Closed st-pasha closed 4 years ago

st-pasha commented 4 years ago

Currently the steps to reproduce the benchmark are unnecessarily complicated: they require setting up environment variables, virtual environments, running preparatory steps, editing several files (which are checked into github, so really shouldn't be modified), and finally running a shell script. And even this may not be enough: after doing all this the result comes out as

Log output ``` sh: free: command not found Error in `[.data.table`(data.table::fread("free -h | grep Swap", header = FALSE), : Item 1 of j is 1 which is outside the column number range [1,ncol=0] Calls: [ -> [.data.table In addition: Warning message: In data.table::fread("free -h | grep Swap", header = FALSE) : File '/var/folders/d7/dw1pt7c114711zdyqf4gtg0h0000gn/T//RtmpFj596I/file38921ad8fd8d' has size 0. Returning a NULL data.table. Execution halted # Benchmark run 1580153381 started # Running benchmark scripts launcher starting: pydatatable groupby G1_1e7_1e2_0_0 finished: pydatatable groupby G1_1e7_1e2_0_0 starting: pydatatable groupby G1_1e7_1e1_0_0 finished: pydatatable groupby G1_1e7_1e1_0_0 starting: pydatatable groupby G1_1e7_2e0_0_0 finished: pydatatable groupby G1_1e7_2e0_0_0 starting: pydatatable groupby G1_1e7_1e2_0_1 finished: pydatatable groupby G1_1e7_1e2_0_1 starting: pydatatable groupby G1_1e8_1e2_0_0 finished: pydatatable groupby G1_1e8_1e2_0_0 starting: pydatatable groupby G1_1e8_1e1_0_0 finished: pydatatable groupby G1_1e8_1e1_0_0 starting: pydatatable groupby G1_1e8_2e0_0_0 finished: pydatatable groupby G1_1e8_2e0_0_0 starting: pydatatable groupby G1_1e8_1e2_0_1 finished: pydatatable groupby G1_1e8_1e2_0_1 starting: pydatatable groupby G1_1e9_1e2_0_0 finished: pydatatable groupby G1_1e9_1e2_0_0 starting: pydatatable groupby G1_1e9_1e1_0_0 finished: pydatatable groupby G1_1e9_1e1_0_0 starting: pydatatable groupby G1_1e9_2e0_0_0 finished: pydatatable groupby G1_1e9_2e0_0_0 starting: pydatatable groupby G1_1e9_1e2_0_1 finished: pydatatable groupby G1_1e9_1e2_0_1 # Benchmark run 1580153381 has been completed in 1s ```

which is difficult to understand (i.e. it is unclear where the results of the benchmark run are).

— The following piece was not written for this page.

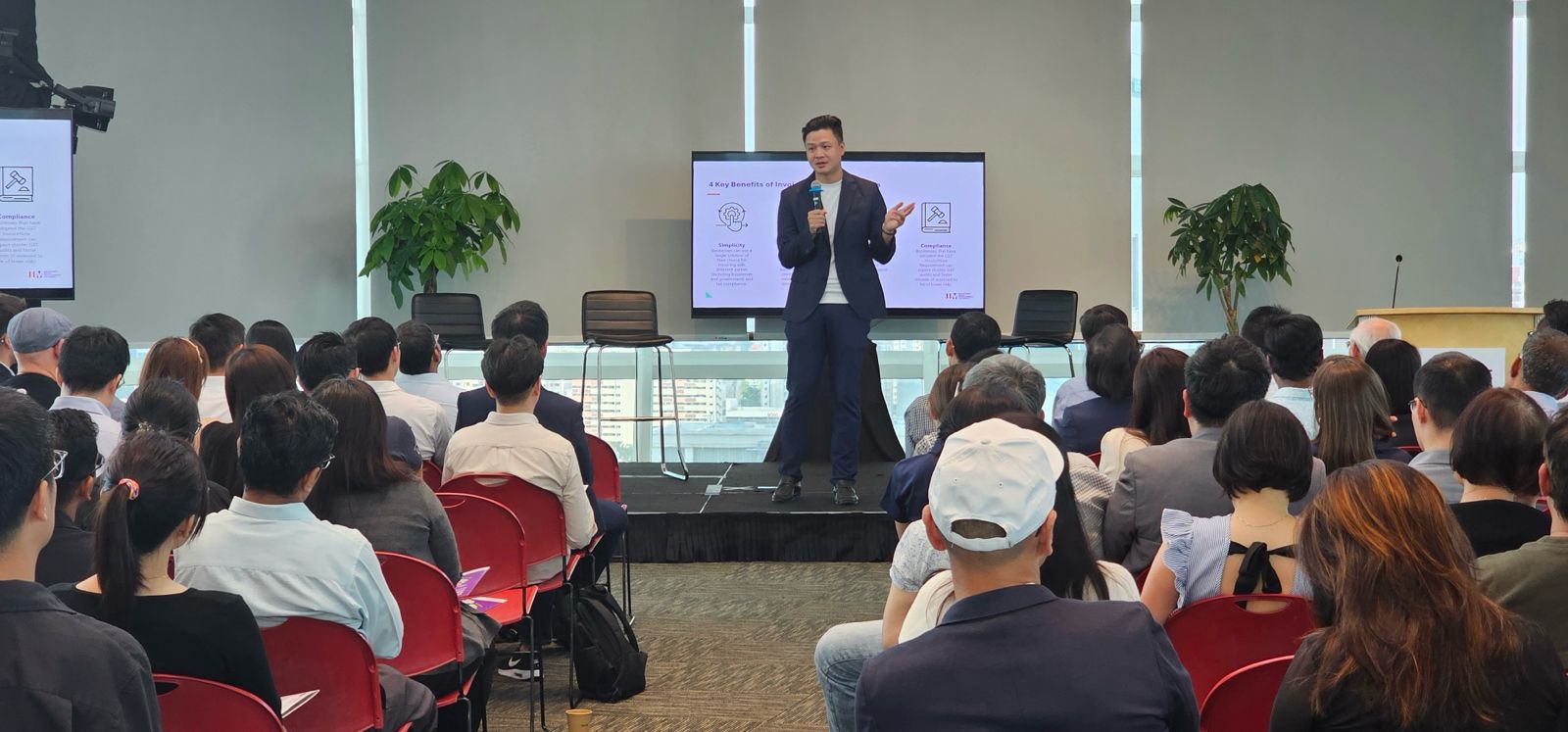 Suma Reaffirms InvoiceNow Commitment at Singapore ECM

The "Single solution benchmark interactively" section has fewer steps, but it ends with cryptic remark "... run lines of script interactively", which again are unclear.

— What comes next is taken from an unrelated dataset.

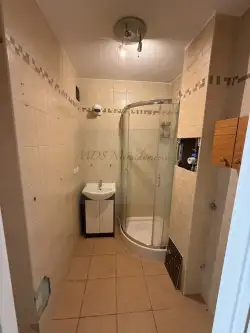 Warszawa ,  Lizbońska   3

A more user-friendly approach would be to develop a simple wrapper utility script (perhaps written in python or R) that will have roughly the following functionality:

run --solution SOLUTION --task TASK --question QUESTION --datasize N --out FILE

Arguments:
--solution   Which solution to run, one of [...], or `*` to run them all. 
             This option can be specified multiple times.
--task          Either "groupby" (default) or "join"
--question   Which question to run, for example "1" or "3:4" or "2,4,5"
--datasize   Number of rows in the dataset, e.g. "1e7"
--out        Save the results into the specified csv file. If the option is not
             given, the results will be printed to console in human-readable form.

Notably, this script should not handle environments or software upgrades, or post-processing the results, or collecting them into a "historic record" file of publishing to GitHub pages, etc. All these tasks can be delegated to a higher-level script that will invoke the user-level run script with appropriate arguments, and then post-process its results.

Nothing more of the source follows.